Entries provided: Begin

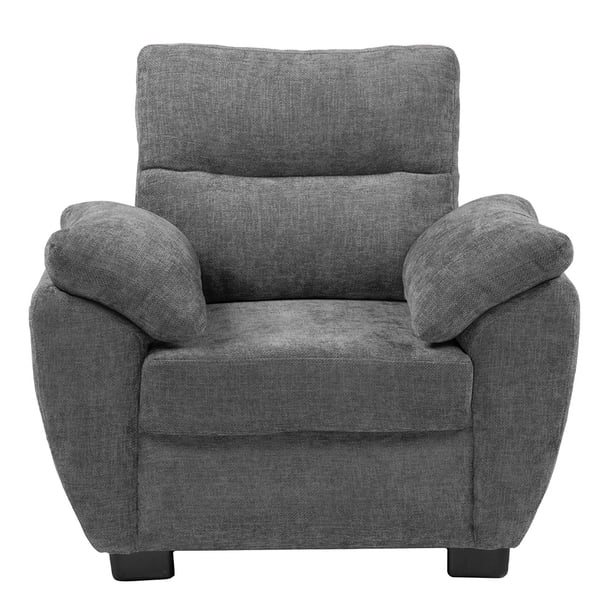Sillon DICASA Venecia 1 Plaza Gris Oscuro para Sala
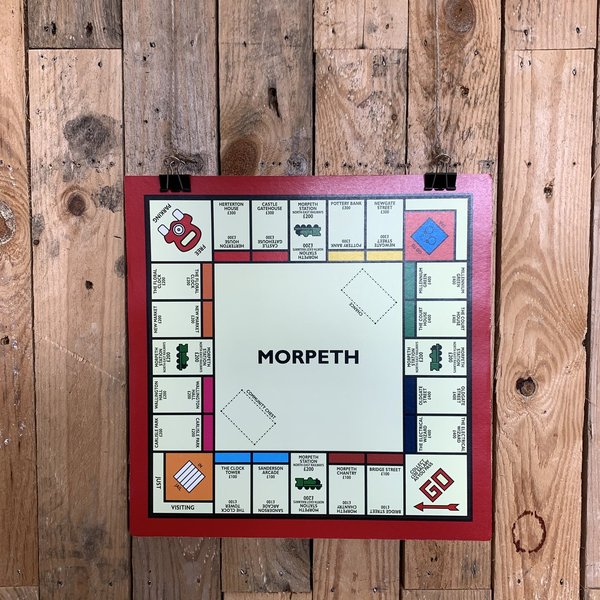 Morpeth Places Monopoly Print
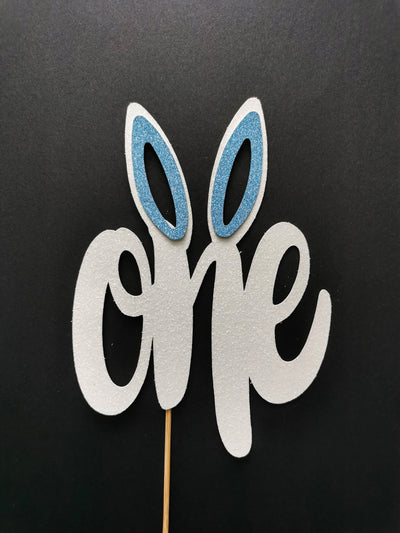 One Bunny ears cake topper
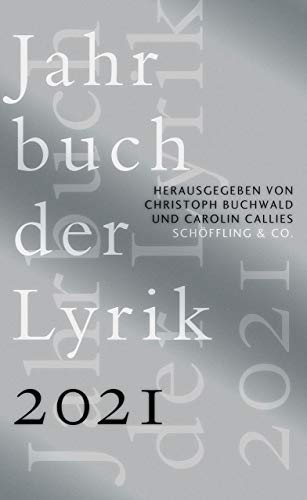 Jahrbuch der Lyrik 2021 von Schoeffling + Co.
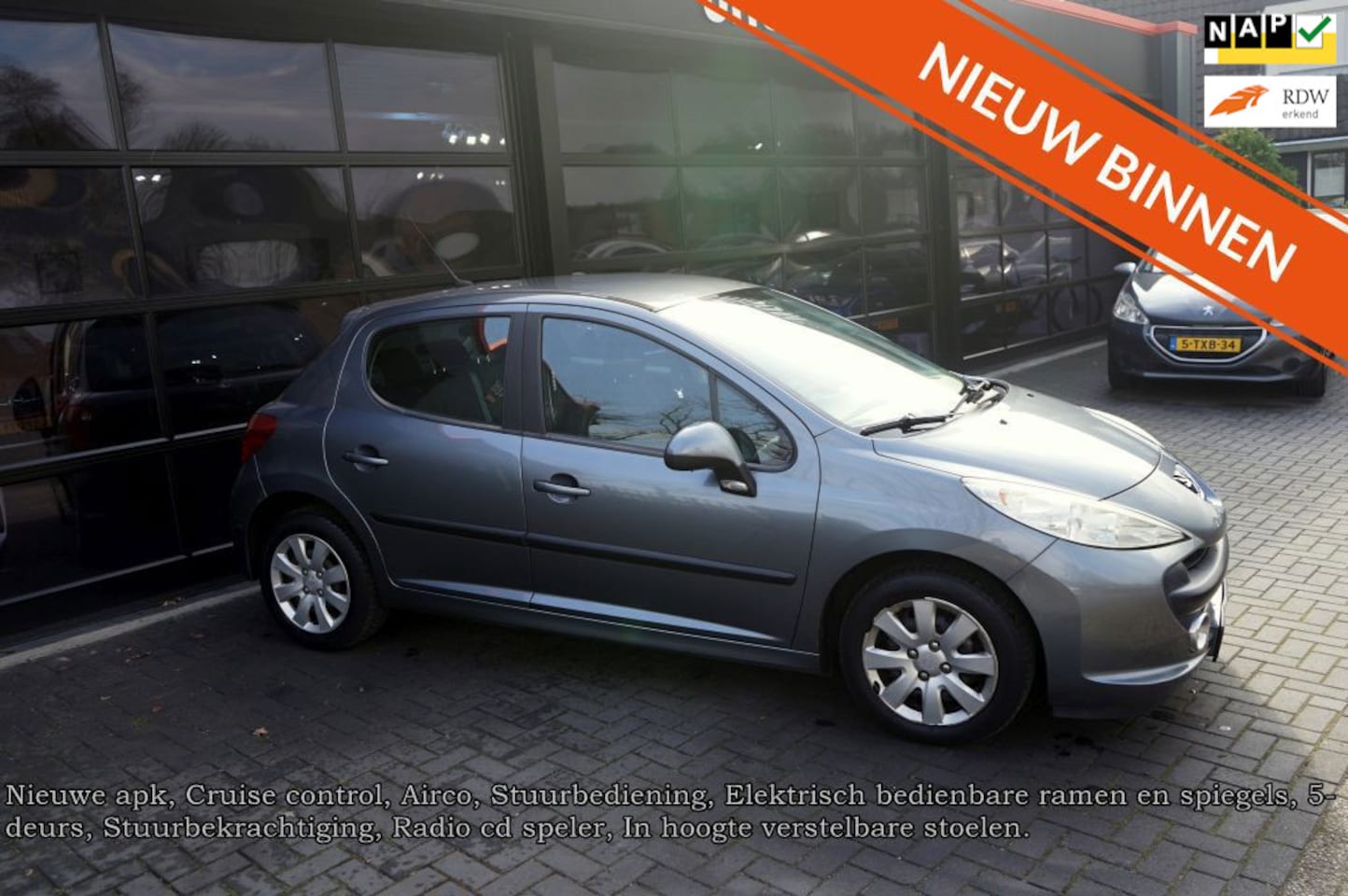 Peugeot 207 CC - 1.4 VTi Look, Airco Elek pakket - AutoWereld.nl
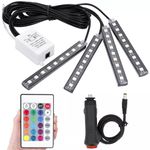Auto si Moto - Electrice auto - Iluminare si semnalizare - Lumini ambientale - Set Lumina Ambientala Auto MRG M840, Led RGB, Telecomanda, 9 Led - Infinity.ro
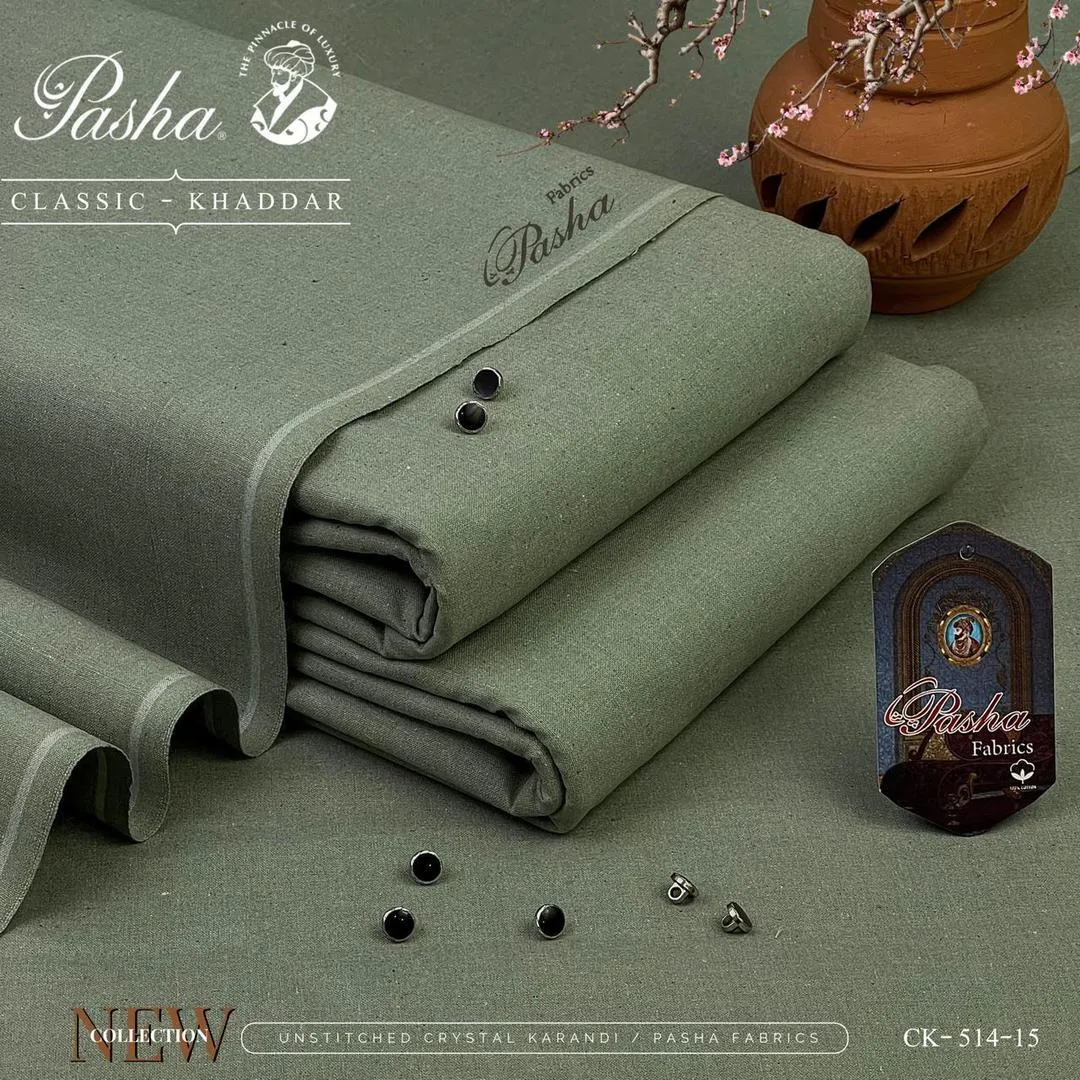 Green Khaddar Men Suit Winter Office Casual Wear
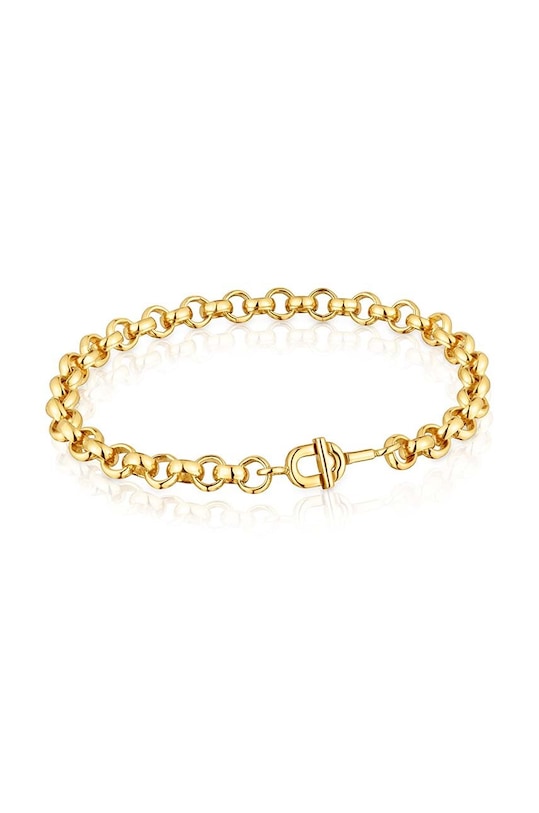 Tous bransoletka ze srebra pokrytego złotem Manifesto pozłacane złoty 1004104500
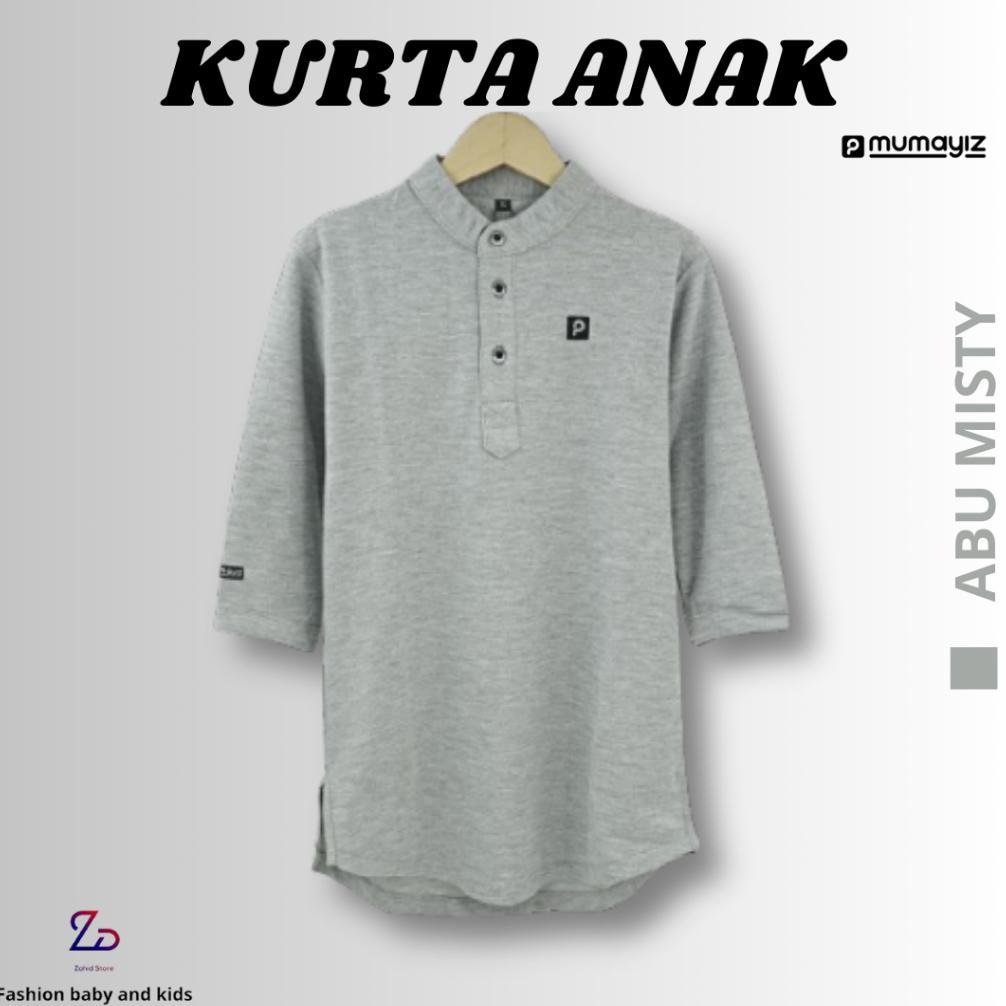 FREE ONGKIR ZAHID STORE | KURTA ANAK LENGAN PANJANG 3/4 BAHAN LACOST CVC 24S | MUMAYIZ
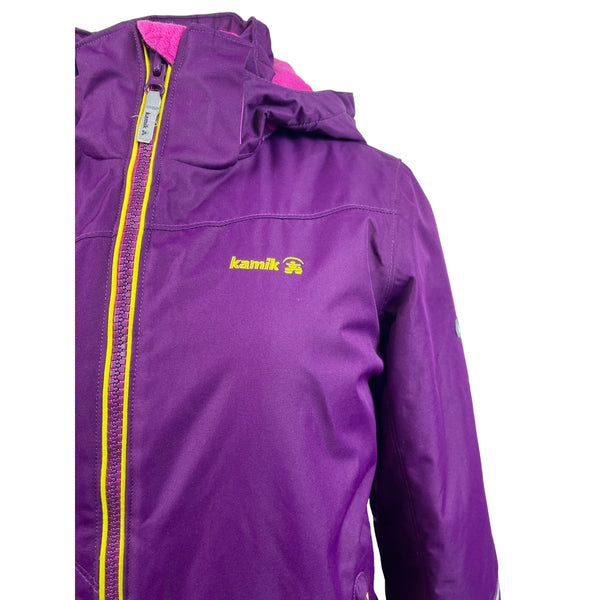 Kamik Youth Girl’s Purple  Zip Up Long Sleeve Hoodie Jacket Sz 12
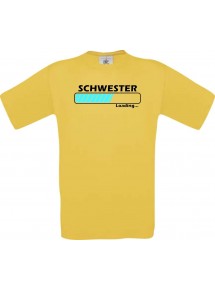 Kinder-Shirt Schwester Loading Farbe gelb, Größe 104
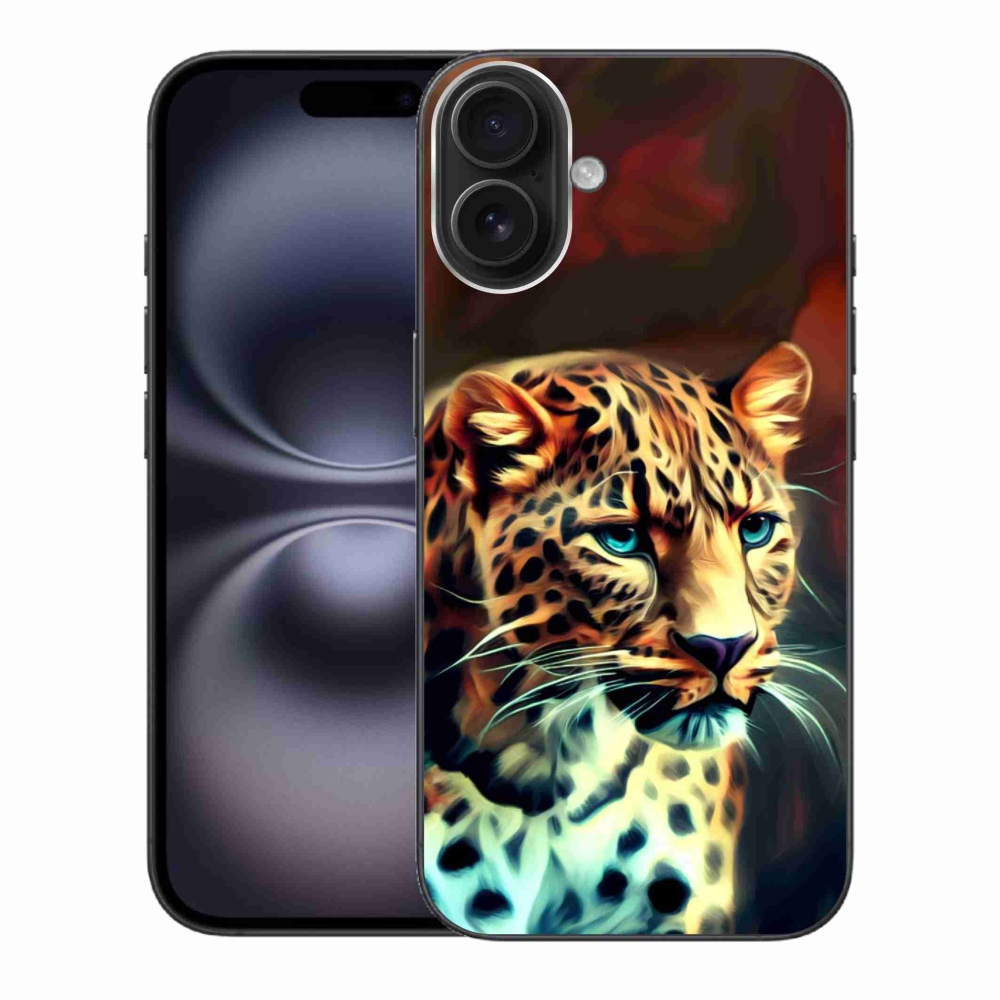 Zselés borítás mmCase iPhone 16 Plus készülékhez - leopárd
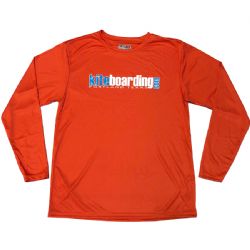 Kiteboarding.com Long Sleeve Water Jersey - Athletic Orange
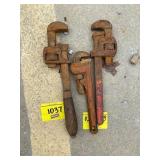 3 PIPE WRENCHES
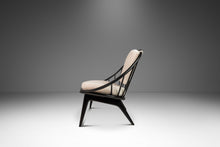 Load image into Gallery viewer, Set of Two ( 2 ) Danish Mid-Century Modern Ebonized "Hoop" / "Peacock" Chairs in Bouclé by Ib Kofod-Larsen for Selig, Denmark, c. 1960s-ABT Modern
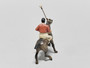 Heyde Germany Polo Player Mounted Jockey with Mallet Up Vintage Lead Figure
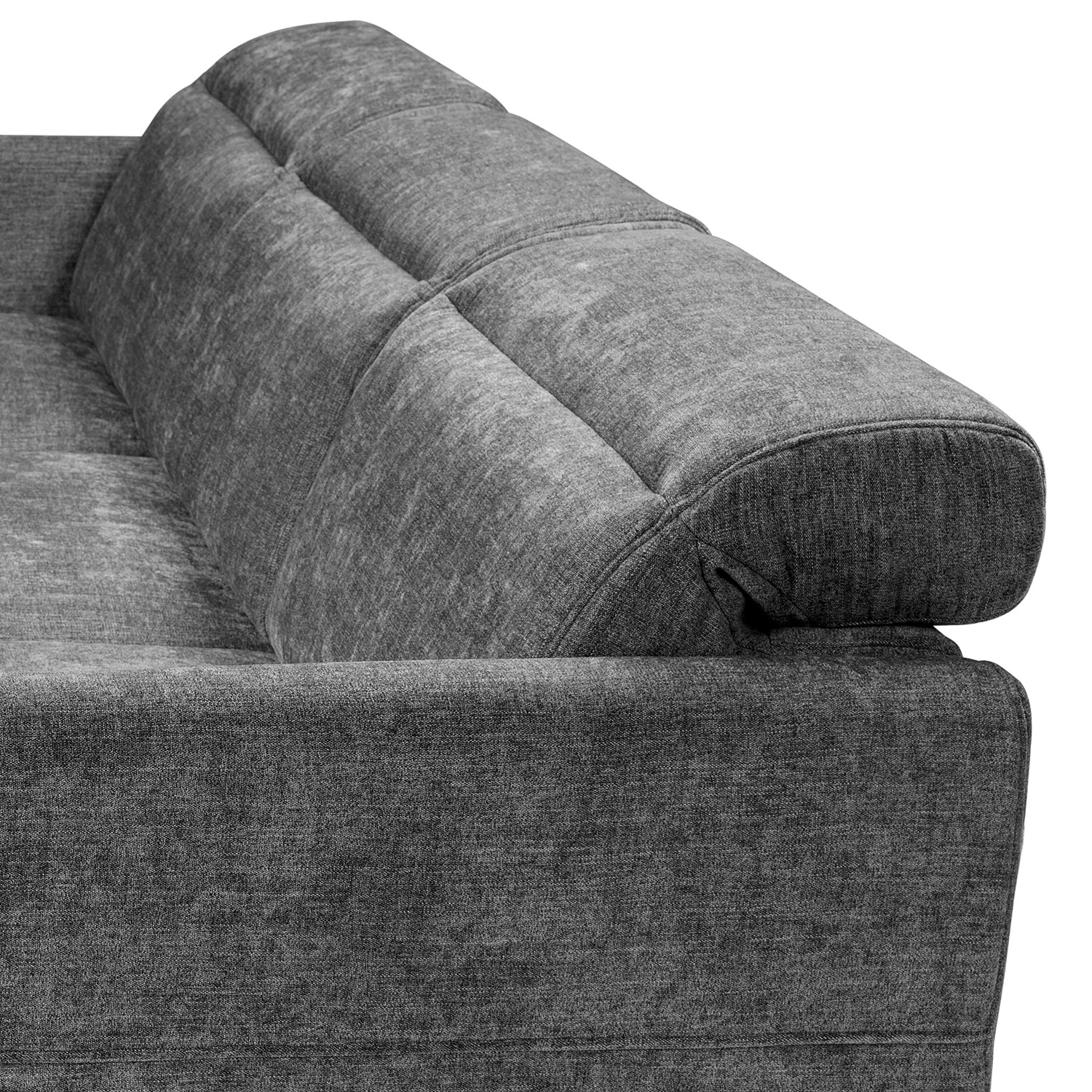 Norrwood Ecksofa Omchak - Webstoff Cieli: Dunkelgrau - Longchair davorstehend links - Kopfstütze verstellbar 6 Norrwood Ecksofa Omchak - Webstoff Cieli: Dunkelgrau - Longchair davorstehend links - Kopfstütze verstellbar – Bild 6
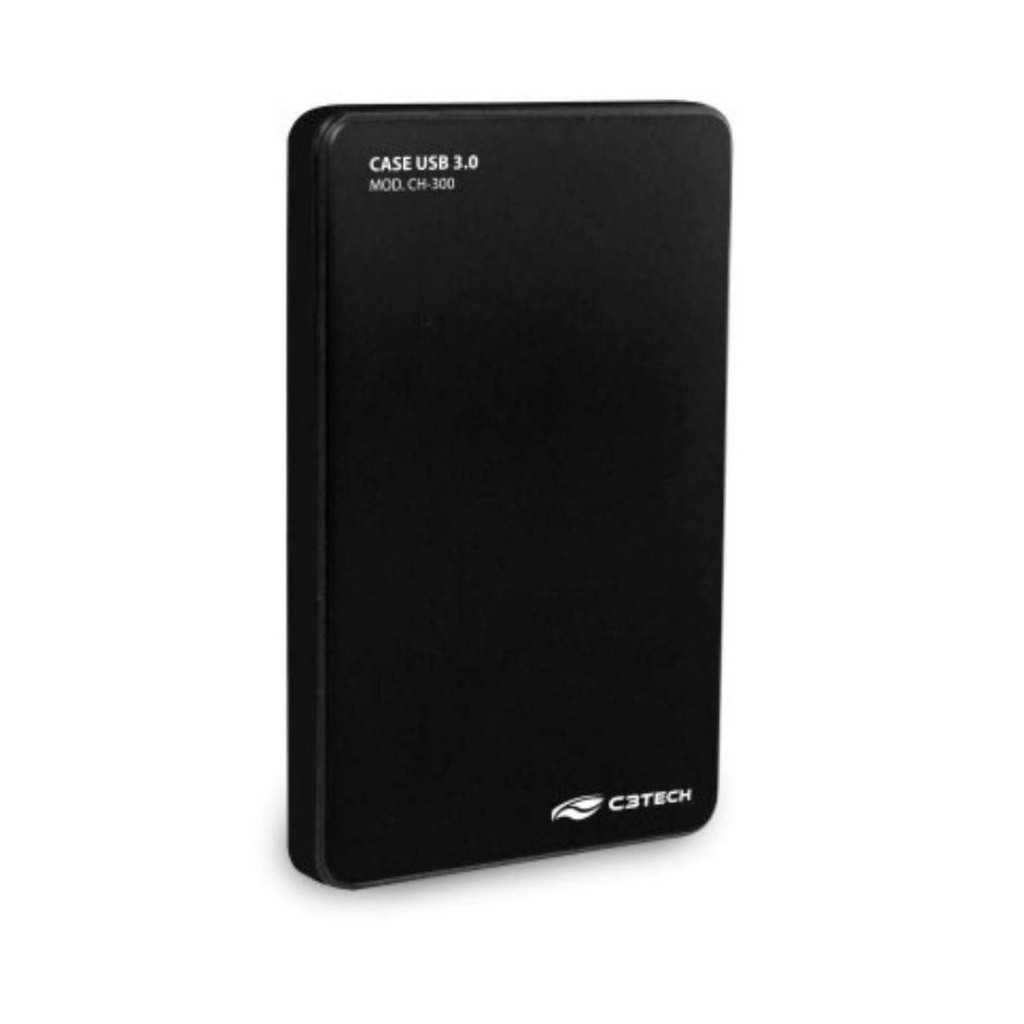 Case para HD 2.5 C3 Tech - USB 3.0 - CH-300BK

Entries provided: End

Pictures are to be excluded; the records themselves are to be reproduced exactly.

**Solved exercise:**
Sillon DICASA Venecia 1 Plaza Gris Oscuro para Sala
 Morpeth Places Monopoly Print
 One Bunny ears cake topper
 Jahrbuch der Lyrik 2021 von Schoeffling + Co.
 Peugeot 207 CC - 1.4 VTi Look, Airco Elek pakket - AutoWereld.nl
Auto si Moto - Electrice auto - Iluminare si semnalizare - Lumini ambientale - Set Lumina Ambientala Auto MRG M840, Led RGB, Telecomanda, 9 Led - Infinity.ro
 Green Khaddar Men Suit Winter Office Casual Wear
 Tous bransoletka ze srebra pokrytego złotem Manifesto pozłacane złoty 1004104500
 FREE ONGKIR ZAHID STORE | KURTA ANAK LENGAN PANJANG 3/4 BAHAN LACOST CVC 24S | MUMAYIZ
 Kamik Youth Girl’s Purple  Zip Up Long Sleeve Hoodie Jacket Sz 12
 Kinder-Shirt Schwester Loading Farbe gelb, Größe 104
 Zselés borítás mmCase iPhone 16 Plus készülékhez - leopárd
 Kiteboarding.com Long Sleeve Water Jersey - Athletic Orange
 3 PIPE WRENCHES
 Load image into Gallery viewer, Set of Two ( 2 ) Danish Mid-Century Modern Ebonized "Hoop" / "Peacock" Chairs in Bouclé by Ib Kofod-Larsen for Selig, Denmark, c. 1960s-ABT Modern
 Heyde Germany Polo Player Mounted Jockey with Mallet Up Vintage Lead Figure
 Norrwood Ecksofa Omchak - Webstoff Cieli: Dunkelgrau - Longchair davorstehend links - Kopfstütze verstellbar 6 Norrwood Ecksofa Omchak - Webstoff Cieli: Dunkelgrau - Longchair davorstehend links - Kopfstütze verstellbar – Bild 6
 Case para HD 2.5 C3 Tech - USB 3.0 - CH-300BK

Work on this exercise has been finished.